Assignment :: From the line that holds "listing image 1102844899720455598" down to the last line of the listing below, reproduce each line exactly and nothing more, omitting pictures.

Records ::
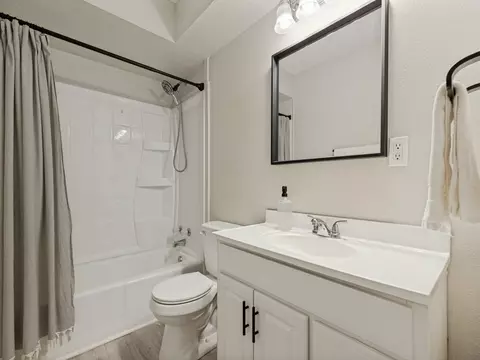 Bath - 410 E White St, Pilot Point, TX 76258 photo 1 of 2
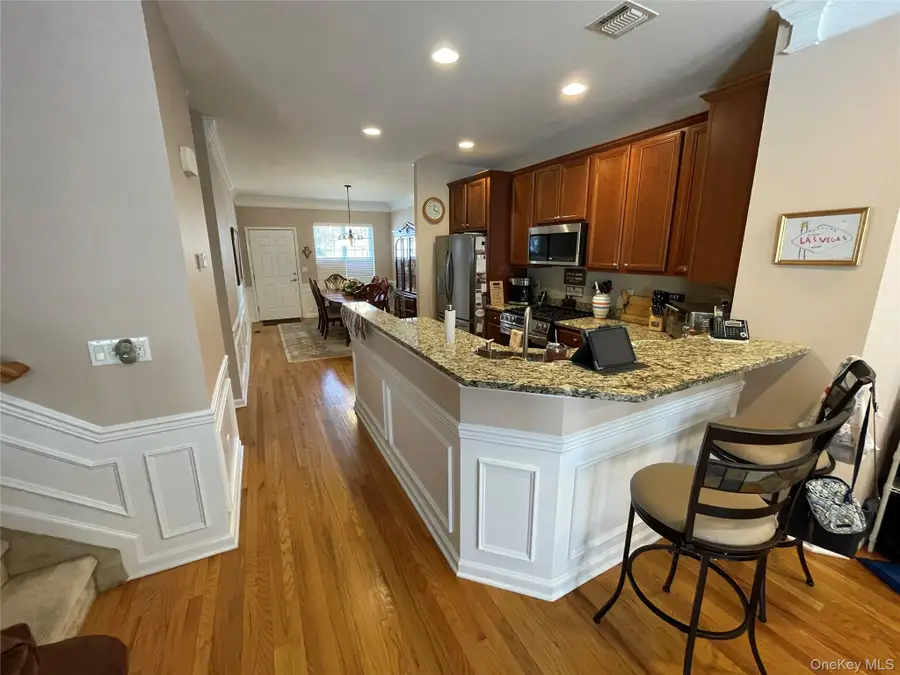 75 Warwick Drive, Massapequa, NY 11758 - Image #3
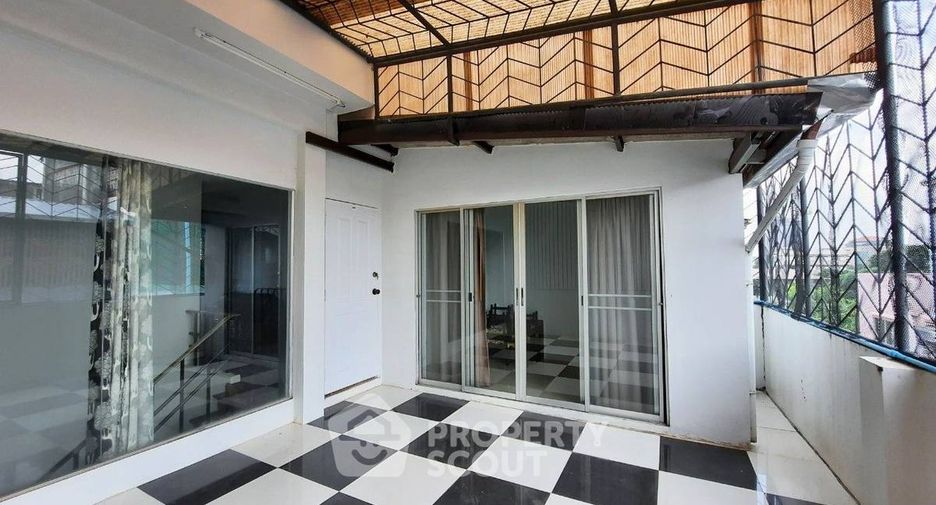 出租 和 出售 5 卧室 独立屋 在 Suan Luang, 曼谷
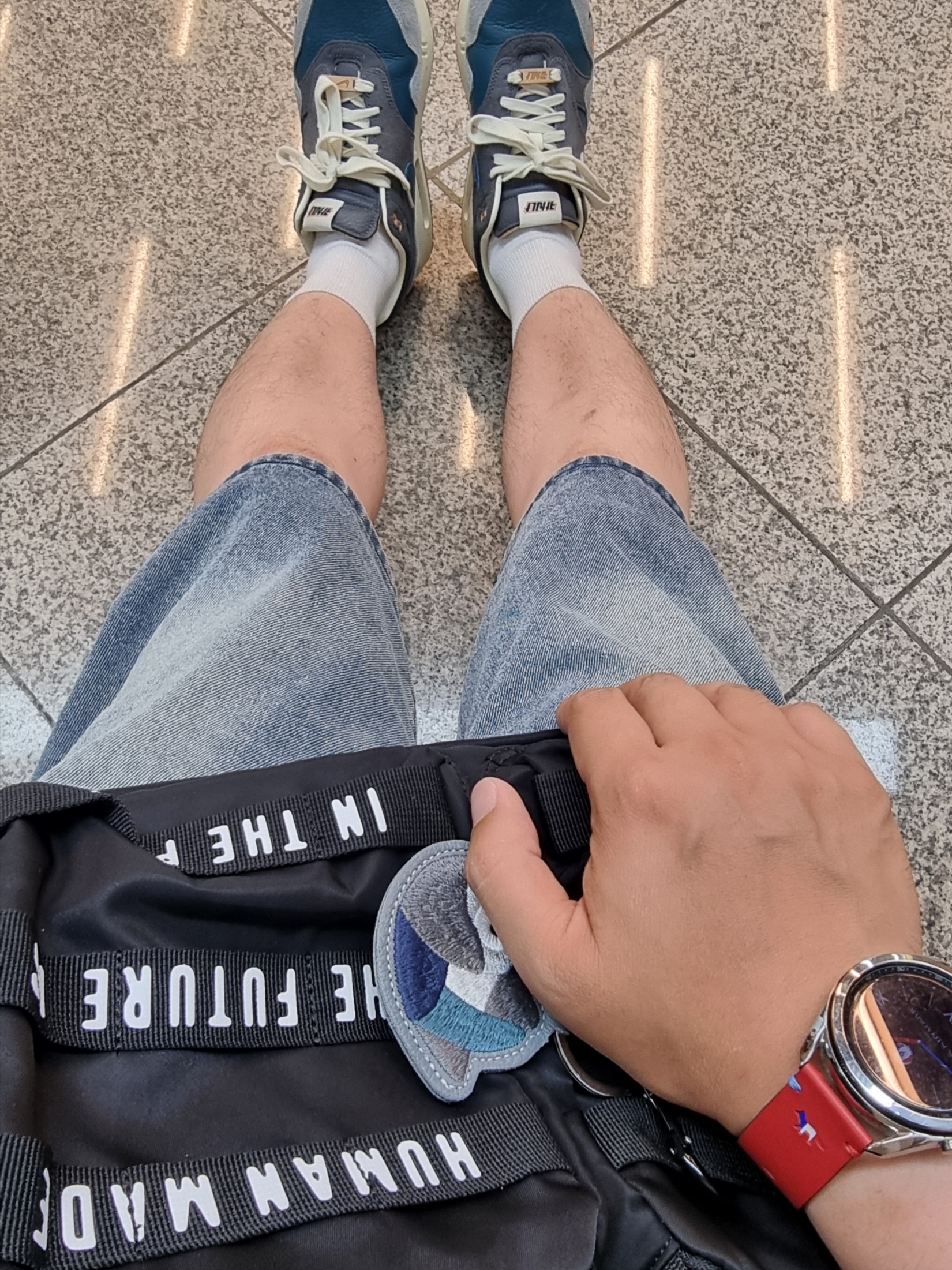 Human Made Military Pouch Large Black, Nike x Kasina Air Max 1 SP Won-Ang Particle Grey 착용 스타일 - 1
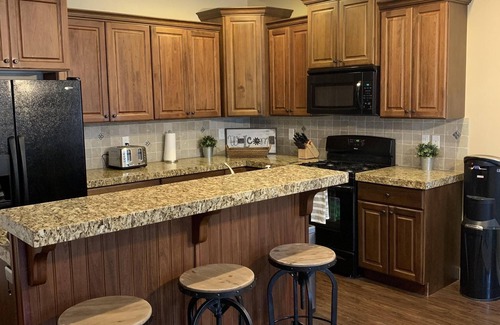 Draper House | Prime Location Hotel: Close to Skiing, Hiking & More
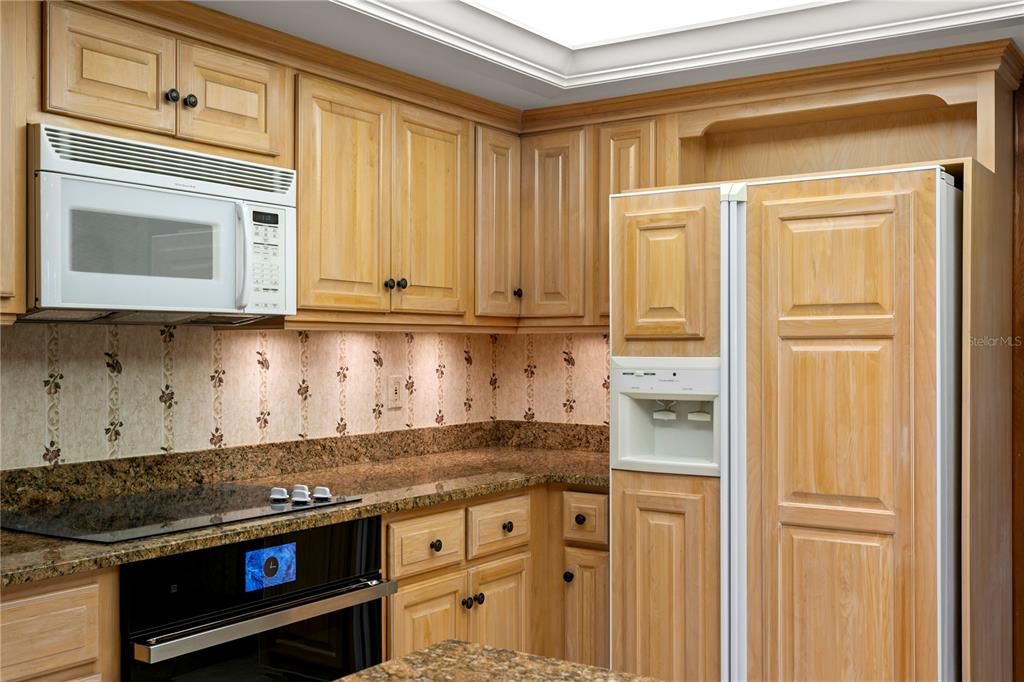 For Rent: $6,000 (3 beds, 2 baths, 2550 Square Feet)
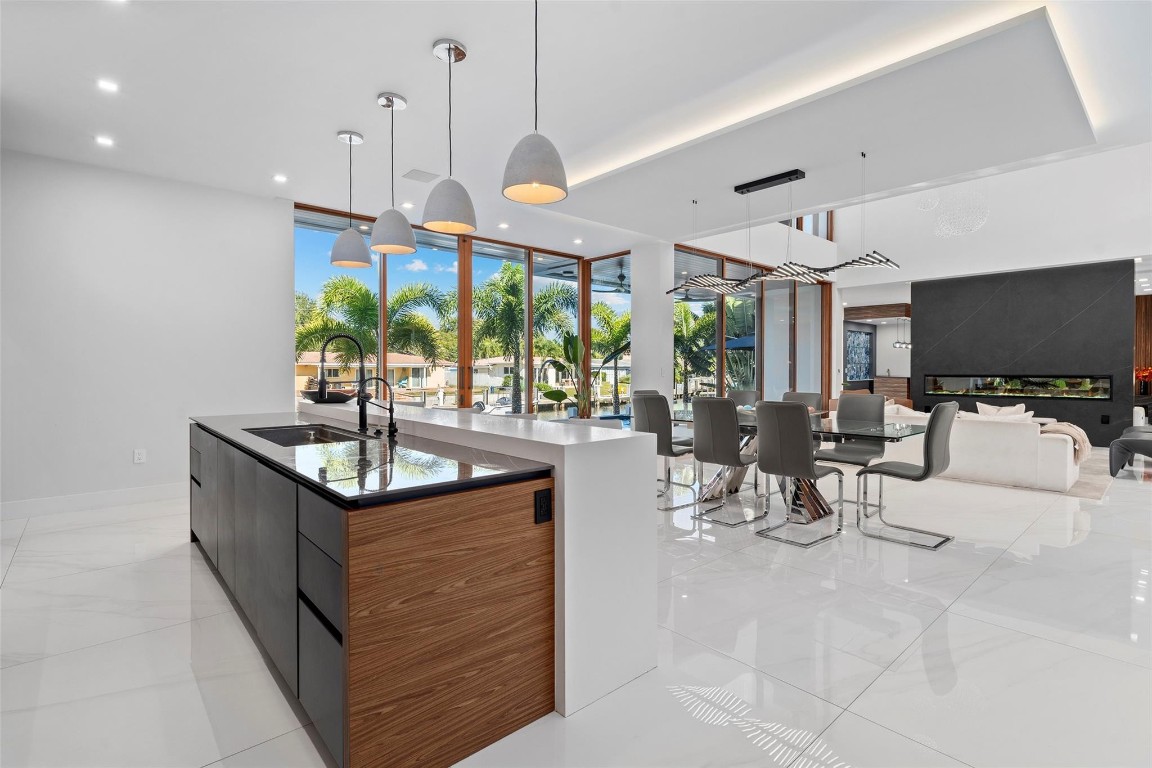 2631 NE 48th Lighthouse Point, FL 33064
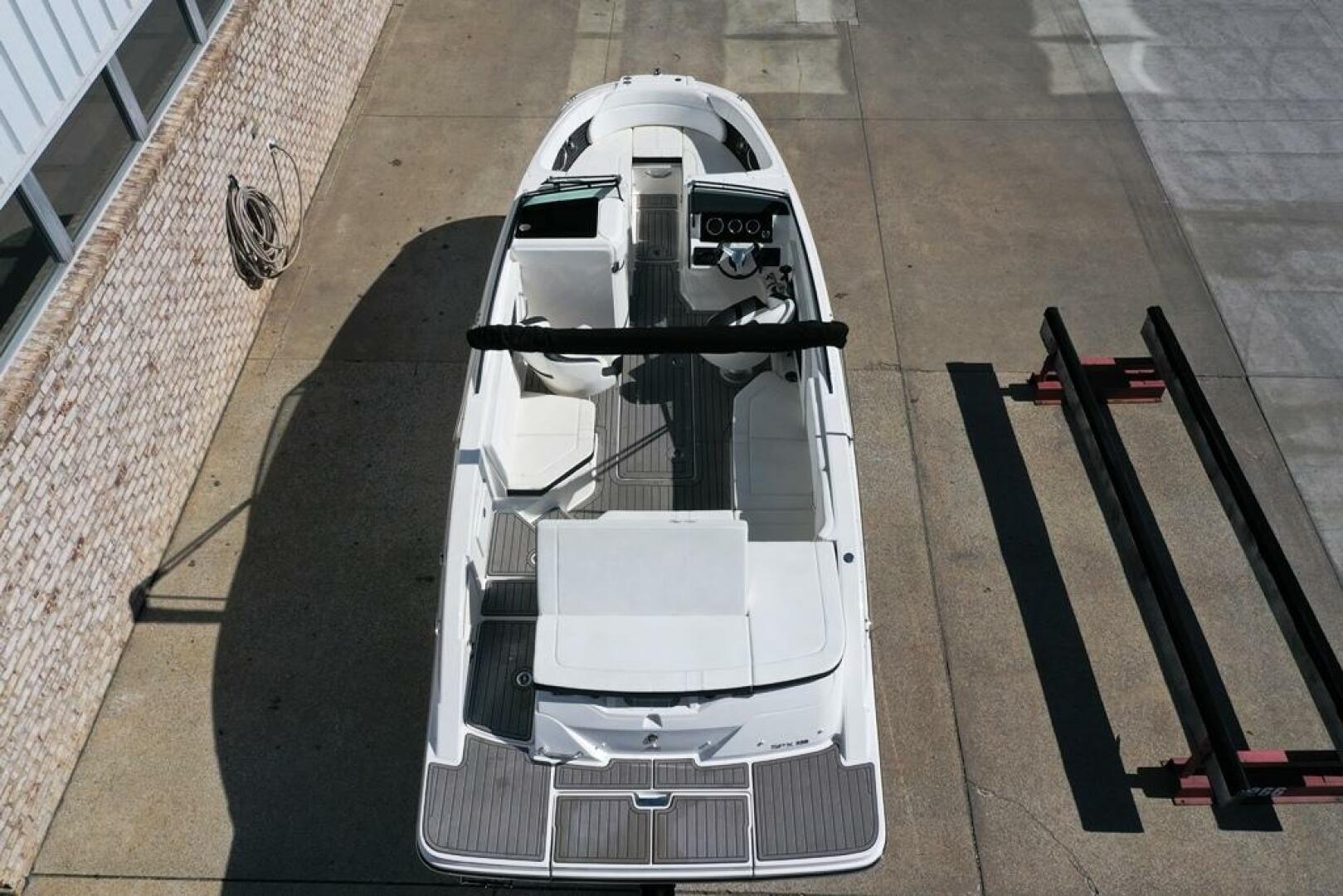 Slide: The Image of Sea Ray 230 SPX 2022 - 5334916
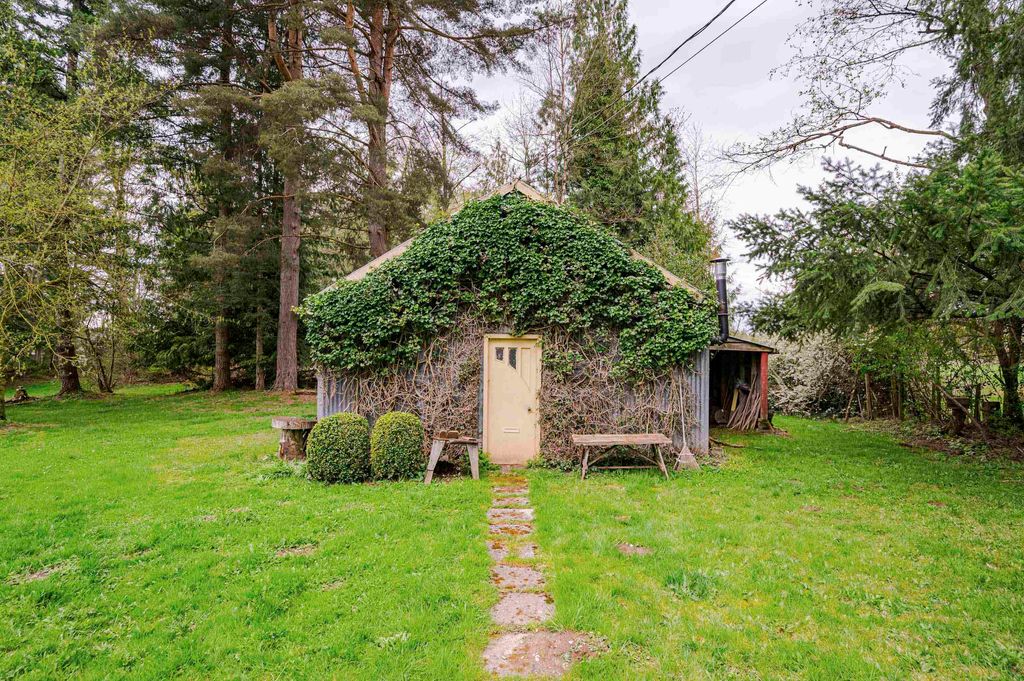 listing image 1102844899720455598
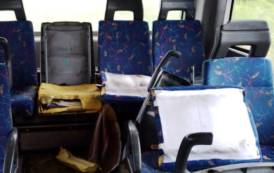 TRASPORTI, Le IMMAGINI dei danni ad un autobus Arst che fa servizio verso le scuole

Answer to this task ::
 listing image 1102844899720455598
 TRASPORTI, Le IMMAGINI dei danni ad un autobus Arst che fa servizio verso le scuole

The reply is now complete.